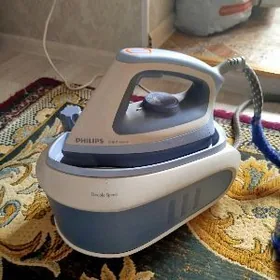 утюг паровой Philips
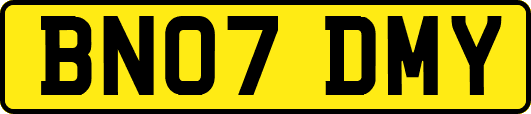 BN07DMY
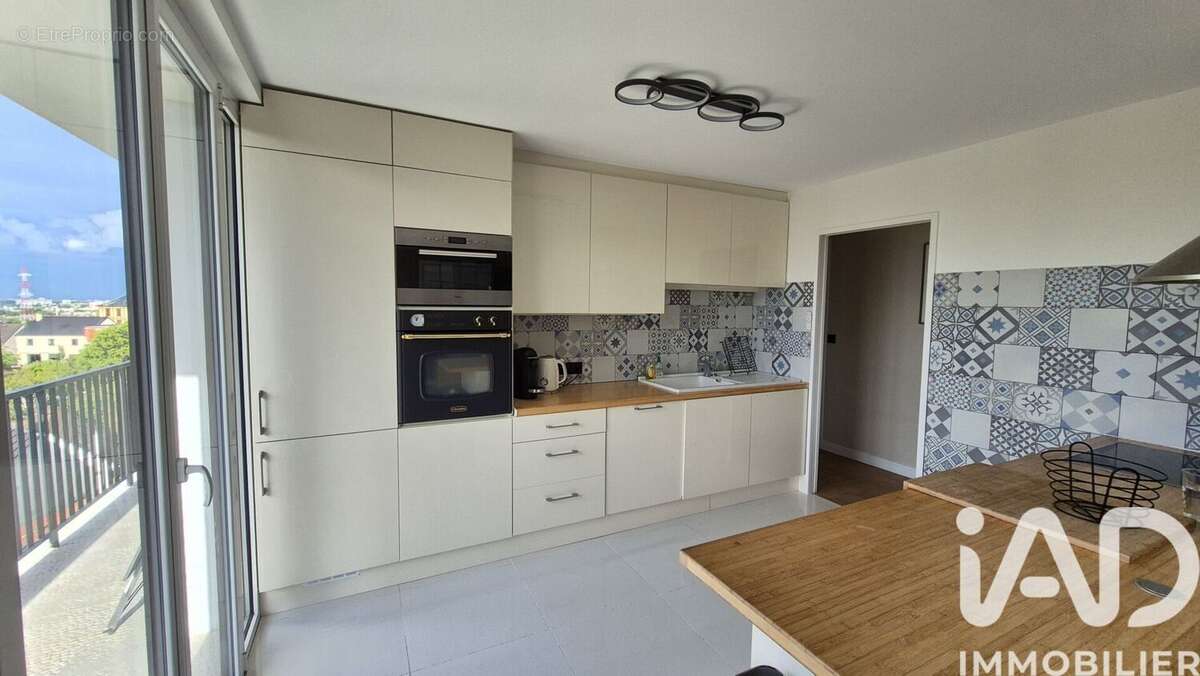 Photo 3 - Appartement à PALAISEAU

-------------------------

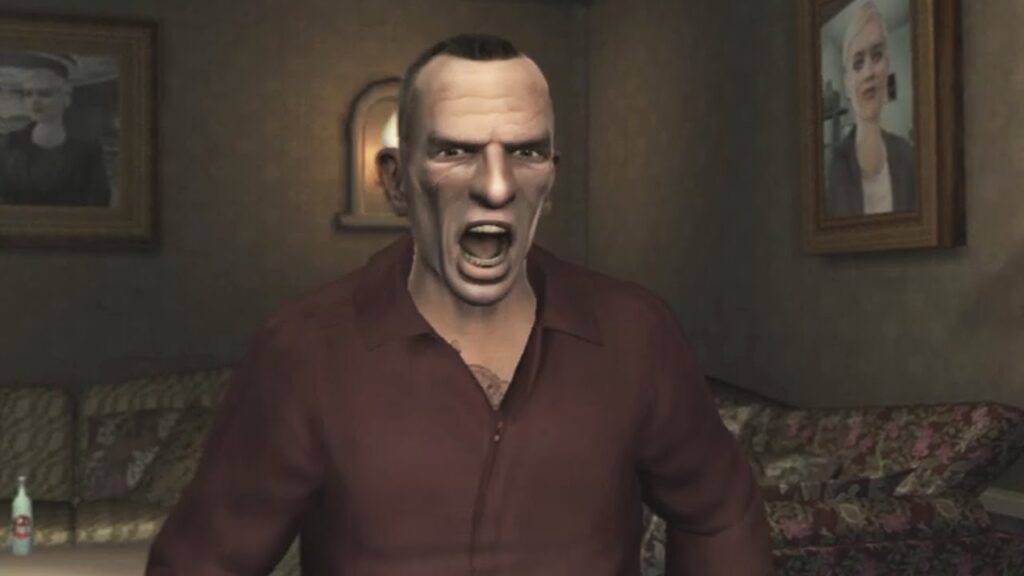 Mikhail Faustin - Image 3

-------------------------

Try it. Return only the stretch above from the line containing "утюг паровой Philips" through the line containing "Photo 3 - Appartement à PALAISEAU", word for word and without pictures.

Solution for this exercise.
 утюг паровой Philips
 BN07DMY
 Photo 3 - Appartement à PALAISEAU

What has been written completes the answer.